Hoe laat je dat schoolreglement naleven?
Johannes Lippens: “Discriminatie en drugs tolereren we niet. Een leerling met een racistisch opschrift of een afbeelding van marihuana op zijn trui, moet zich meteen thuis gaan omkleden. Daarbij kunnen we nu naar dit schoolreglement verwijzen. Over informele kledij, zoals een trainingsbroek, ga ik in dialoog met de leerling. Is dat gepast? Waarom vind je het belangrijk om die broek in de les te dragen? Is het onderdeel van je identiteit?”
Veronique Dept: “Een ander taalgebruik is de grootste winst voor ons team. We willen niet meer horen: ‘Je topje is te uitdagend. Wat lok je daarmee uit?’ Seksualisering is uit den boze. We zullen de nieuwe regels objectief en neutraal opvolgen. Dat is een collectieve verantwoordelijkheid: elk personeelslid mag een leerling aanspreken. Maar ‘vaste strafmaten’ zijn er niet.”
Johannes Lippens: “Ik merk wel dat opvoeders en graadcoördinatoren die grijze lijn soms vervelend vinden. De dialoog is iets wat in je schoolcultuur moet sijpelen. Op termijn hebben leerlingen daar meer aan, omdat ze vanuit verschillende perspectieven leren denken. Vanuit compromis in plaats van conflict.”
Zijn er valkuilen aan een participatieproject?
Johannes Lippens: “Als directie moet je je beleid in vraag durven stellen. Het eindresultaat is niet noodzakelijk het recept dat je zelf voor ogen had. Soms wil je liever geen slapende honden wakker maken. Directies hebben nog veel andere katten te geselen en dan zijn kledijvoorschriften niet altijd prioritair. In ons geval was het een kans na een conflict op school.”
Steffie De Baerdemaeker: “Ik volg dat dialoog belangrijker is dan strakke regels. Geef je héle team wel achtergrond bij de nieuwe kledingvoorschriften. Vaak sneuvelt in een beleidstekst een pak context en waardevolle informatie. Neem het zinnetje: ‘Iedereen moet gelijk behandeld worden ongeacht geslacht, religie, lichaamsbouw …’ Weet iedereen over een jaar nog wat dit inhoudt? Bespreek ‘de geest van de wet’ dus even met iedereen die de voorschriften zal moeten toepassen of bewaken.”

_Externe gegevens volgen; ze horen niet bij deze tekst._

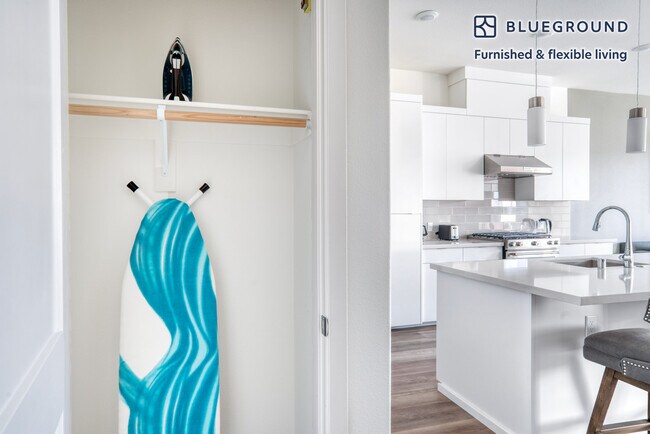 Building Photo - 3578 Rambla Pl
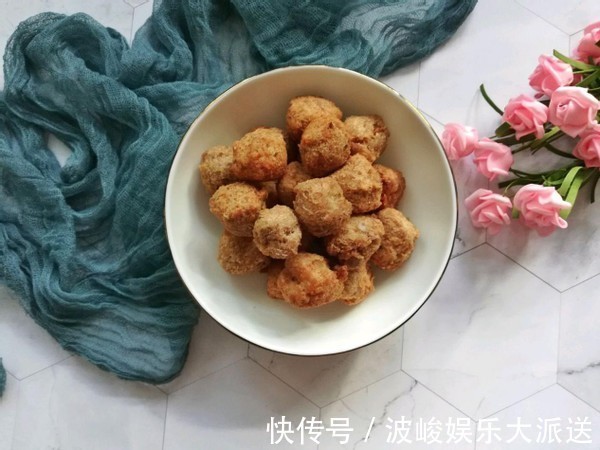 外酥|芋头与猪肉一起做成丸子，外酥里嫩，好吃到停不下来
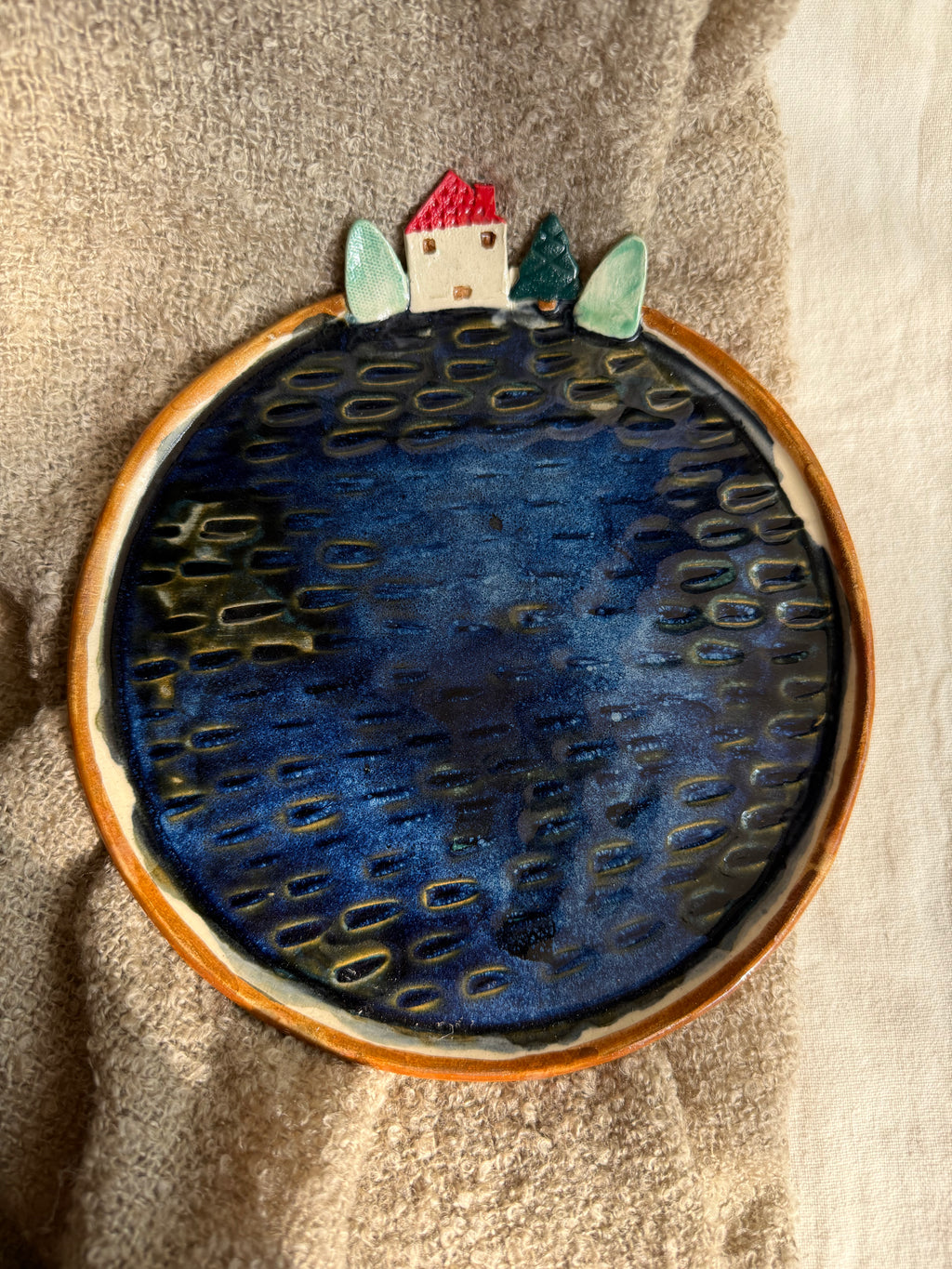 Cottage by the Water Plate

“Soms vraagt een compromis zoveel water bij de wijn dat niemand nog blij is met het resultaat. Dan streef je beter naar consent in plaats van compromis of consensus. Je voert het voorstel van de meerderheid uit, maar ook de minderheid mag aangeven wat ze nodig heeft om mee te gaan.”
“Als leider kan je de tekst voorstellen als ‘zo goed als af’. Je legt uit dat er al een lang denkproces is geweest: ‘We behouden dit reglement even zo. Navel-oksel lengte staat niet meer ter discussie. Heb je nog een kleine aanvulling die niet in strijd is met wat hier staat, dan kunnen we die eventueel opnemen.’”
“De ‘grijze zone’ is niet altijd makkelijk, maar veel afspraken in onze snel veranderende maatschappij staan ter discussie of bevinden zich net in die grijze zone. Daarmee leren omgaan, met een evenwicht tussen autonomie en deel uitmaken van de samenleving, is een van de grote uitdagingen voor onze jongeren.”